Problem:
Please restate the data word for word.

=-=-=-=-=

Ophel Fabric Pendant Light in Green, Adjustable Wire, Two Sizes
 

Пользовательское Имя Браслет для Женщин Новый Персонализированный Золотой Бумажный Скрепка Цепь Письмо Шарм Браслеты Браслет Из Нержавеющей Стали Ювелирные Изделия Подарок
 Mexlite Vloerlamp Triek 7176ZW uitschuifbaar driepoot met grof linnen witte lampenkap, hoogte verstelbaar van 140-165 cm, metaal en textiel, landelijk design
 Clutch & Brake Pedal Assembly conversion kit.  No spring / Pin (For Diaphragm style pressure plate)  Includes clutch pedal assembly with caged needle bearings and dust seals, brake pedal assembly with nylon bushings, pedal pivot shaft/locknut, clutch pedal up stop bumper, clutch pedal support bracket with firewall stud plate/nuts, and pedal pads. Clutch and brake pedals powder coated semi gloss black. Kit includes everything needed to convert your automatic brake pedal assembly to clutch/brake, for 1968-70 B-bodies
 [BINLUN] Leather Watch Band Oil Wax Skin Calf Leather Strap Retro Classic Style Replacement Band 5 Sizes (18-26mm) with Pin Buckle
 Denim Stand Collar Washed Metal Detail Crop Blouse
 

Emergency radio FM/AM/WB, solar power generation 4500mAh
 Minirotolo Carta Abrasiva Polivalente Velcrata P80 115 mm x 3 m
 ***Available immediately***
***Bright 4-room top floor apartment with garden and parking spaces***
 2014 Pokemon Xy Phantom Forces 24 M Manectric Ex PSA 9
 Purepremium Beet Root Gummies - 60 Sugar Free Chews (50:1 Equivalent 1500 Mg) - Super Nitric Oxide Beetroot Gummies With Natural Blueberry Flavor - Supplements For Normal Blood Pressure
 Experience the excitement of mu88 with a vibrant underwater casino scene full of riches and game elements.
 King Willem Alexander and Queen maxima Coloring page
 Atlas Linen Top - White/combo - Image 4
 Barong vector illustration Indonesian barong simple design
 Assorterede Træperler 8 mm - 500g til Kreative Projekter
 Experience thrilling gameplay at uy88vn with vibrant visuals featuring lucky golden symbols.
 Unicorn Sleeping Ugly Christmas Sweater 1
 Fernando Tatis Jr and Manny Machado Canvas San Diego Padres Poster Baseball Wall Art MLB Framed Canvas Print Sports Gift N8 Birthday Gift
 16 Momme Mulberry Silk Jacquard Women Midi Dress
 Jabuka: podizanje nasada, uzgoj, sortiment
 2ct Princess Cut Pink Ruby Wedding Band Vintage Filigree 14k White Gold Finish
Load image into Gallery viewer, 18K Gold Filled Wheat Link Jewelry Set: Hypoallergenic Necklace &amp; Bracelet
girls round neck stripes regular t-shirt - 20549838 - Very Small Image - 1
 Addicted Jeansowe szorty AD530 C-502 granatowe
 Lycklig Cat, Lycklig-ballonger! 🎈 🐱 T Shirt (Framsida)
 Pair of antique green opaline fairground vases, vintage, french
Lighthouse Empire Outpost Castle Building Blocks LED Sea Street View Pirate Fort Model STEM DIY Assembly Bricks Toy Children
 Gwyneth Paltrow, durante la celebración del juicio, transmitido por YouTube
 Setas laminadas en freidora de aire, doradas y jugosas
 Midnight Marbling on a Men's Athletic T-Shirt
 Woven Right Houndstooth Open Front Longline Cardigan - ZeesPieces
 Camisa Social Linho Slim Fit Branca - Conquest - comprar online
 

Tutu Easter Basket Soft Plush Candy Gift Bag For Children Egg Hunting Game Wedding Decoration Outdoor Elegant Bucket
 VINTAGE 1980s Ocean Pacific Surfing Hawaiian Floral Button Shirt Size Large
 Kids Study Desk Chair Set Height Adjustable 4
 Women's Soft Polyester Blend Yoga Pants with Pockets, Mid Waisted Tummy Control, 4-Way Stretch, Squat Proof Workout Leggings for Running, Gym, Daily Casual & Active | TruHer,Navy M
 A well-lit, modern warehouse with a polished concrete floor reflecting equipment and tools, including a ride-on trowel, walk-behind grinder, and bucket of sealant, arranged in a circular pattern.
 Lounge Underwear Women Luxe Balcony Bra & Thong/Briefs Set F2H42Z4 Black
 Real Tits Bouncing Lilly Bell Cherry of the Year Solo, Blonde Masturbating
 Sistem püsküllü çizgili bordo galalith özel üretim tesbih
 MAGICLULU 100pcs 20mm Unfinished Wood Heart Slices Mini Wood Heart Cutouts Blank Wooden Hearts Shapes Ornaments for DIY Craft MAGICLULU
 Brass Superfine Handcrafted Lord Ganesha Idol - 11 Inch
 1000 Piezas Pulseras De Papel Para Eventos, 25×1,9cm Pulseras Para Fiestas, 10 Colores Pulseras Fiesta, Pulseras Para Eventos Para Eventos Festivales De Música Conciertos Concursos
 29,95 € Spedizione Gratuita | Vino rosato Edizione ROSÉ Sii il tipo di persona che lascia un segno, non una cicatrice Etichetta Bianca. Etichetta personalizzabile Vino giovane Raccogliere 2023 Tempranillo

=-=-=-=-=

Task solution:
Ophel Fabric Pendant Light in Green, Adjustable Wire, Two Sizes
 

Пользовательское Имя Браслет для Женщин Новый Персонализированный Золотой Бумажный Скрепка Цепь Письмо Шарм Браслеты Браслет Из Нержавеющей Стали Ювелирные Изделия Подарок
 Mexlite Vloerlamp Triek 7176ZW uitschuifbaar driepoot met grof linnen witte lampenkap, hoogte verstelbaar van 140-165 cm, metaal en textiel, landelijk design
 Clutch & Brake Pedal Assembly conversion kit.  No spring / Pin (For Diaphragm style pressure plate)  Includes clutch pedal assembly with caged needle bearings and dust seals, brake pedal assembly with nylon bushings, pedal pivot shaft/locknut, clutch pedal up stop bumper, clutch pedal support bracket with firewall stud plate/nuts, and pedal pads. Clutch and brake pedals powder coated semi gloss black. Kit includes everything needed to convert your automatic brake pedal assembly to clutch/brake, for 1968-70 B-bodies
 [BINLUN] Leather Watch Band Oil Wax Skin Calf Leather Strap Retro Classic Style Replacement Band 5 Sizes (18-26mm) with Pin Buckle
 Denim Stand Collar Washed Metal Detail Crop Blouse
 

Emergency radio FM/AM/WB, solar power generation 4500mAh
 Minirotolo Carta Abrasiva Polivalente Velcrata P80 115 mm x 3 m
 ***Available immediately***
***Bright 4-room top floor apartment with garden and parking spaces***
 2014 Pokemon Xy Phantom Forces 24 M Manectric Ex PSA 9
 Purepremium Beet Root Gummies - 60 Sugar Free Chews (50:1 Equivalent 1500 Mg) - Super Nitric Oxide Beetroot Gummies With Natural Blueberry Flavor - Supplements For Normal Blood Pressure
 Experience the excitement of mu88 with a vibrant underwater casino scene full of riches and game elements.
 King Willem Alexander and Queen maxima Coloring page
 Atlas Linen Top - White/combo - Image 4
 Barong vector illustration Indonesian barong simple design
 Assorterede Træperler 8 mm - 500g til Kreative Projekter
 Experience thrilling gameplay at uy88vn with vibrant visuals featuring lucky golden symbols.
 Unicorn Sleeping Ugly Christmas Sweater 1
 Fernando Tatis Jr and Manny Machado Canvas San Diego Padres Poster Baseball Wall Art MLB Framed Canvas Print Sports Gift N8 Birthday Gift
 16 Momme Mulberry Silk Jacquard Women Midi Dress
 Jabuka: podizanje nasada, uzgoj, sortiment
 2ct Princess Cut Pink Ruby Wedding Band Vintage Filigree 14k White Gold Finish
Load image into Gallery viewer, 18K Gold Filled Wheat Link Jewelry Set: Hypoallergenic Necklace &amp; Bracelet
girls round neck stripes regular t-shirt - 20549838 - Very Small Image - 1
 Addicted Jeansowe szorty AD530 C-502 granatowe
 Lycklig Cat, Lycklig-ballonger! 🎈 🐱 T Shirt (Framsida)
 Pair of antique green opaline fairground vases, vintage, french
Lighthouse Empire Outpost Castle Building Blocks LED Sea Street View Pirate Fort Model STEM DIY Assembly Bricks Toy Children
 Gwyneth Paltrow, durante la celebración del juicio, transmitido por YouTube
 Setas laminadas en freidora de aire, doradas y jugosas
 Midnight Marbling on a Men's Athletic T-Shirt
 Woven Right Houndstooth Open Front Longline Cardigan - ZeesPieces
 Camisa Social Linho Slim Fit Branca - Conquest - comprar online
 

Tutu Easter Basket Soft Plush Candy Gift Bag For Children Egg Hunting Game Wedding Decoration Outdoor Elegant Bucket
 VINTAGE 1980s Ocean Pacific Surfing Hawaiian Floral Button Shirt Size Large
 Kids Study Desk Chair Set Height Adjustable 4
 Women's Soft Polyester Blend Yoga Pants with Pockets, Mid Waisted Tummy Control, 4-Way Stretch, Squat Proof Workout Leggings for Running, Gym, Daily Casual & Active | TruHer,Navy M
 A well-lit, modern warehouse with a polished concrete floor reflecting equipment and tools, including a ride-on trowel, walk-behind grinder, and bucket of sealant, arranged in a circular pattern.
 Lounge Underwear Women Luxe Balcony Bra & Thong/Briefs Set F2H42Z4 Black
 Real Tits Bouncing Lilly Bell Cherry of the Year Solo, Blonde Masturbating
 Sistem püsküllü çizgili bordo galalith özel üretim tesbih
 MAGICLULU 100pcs 20mm Unfinished Wood Heart Slices Mini Wood Heart Cutouts Blank Wooden Hearts Shapes Ornaments for DIY Craft MAGICLULU
 Brass Superfine Handcrafted Lord Ganesha Idol - 11 Inch
 1000 Piezas Pulseras De Papel Para Eventos, 25×1,9cm Pulseras Para Fiestas, 10 Colores Pulseras Fiesta, Pulseras Para Eventos Para Eventos Festivales De Música Conciertos Concursos
 29,95 € Spedizione Gratuita | Vino rosato Edizione ROSÉ Sii il tipo di persona che lascia un segno, non una cicatrice Etichetta Bianca. Etichetta personalizzabile Vino giovane Raccogliere 2023 Tempranillo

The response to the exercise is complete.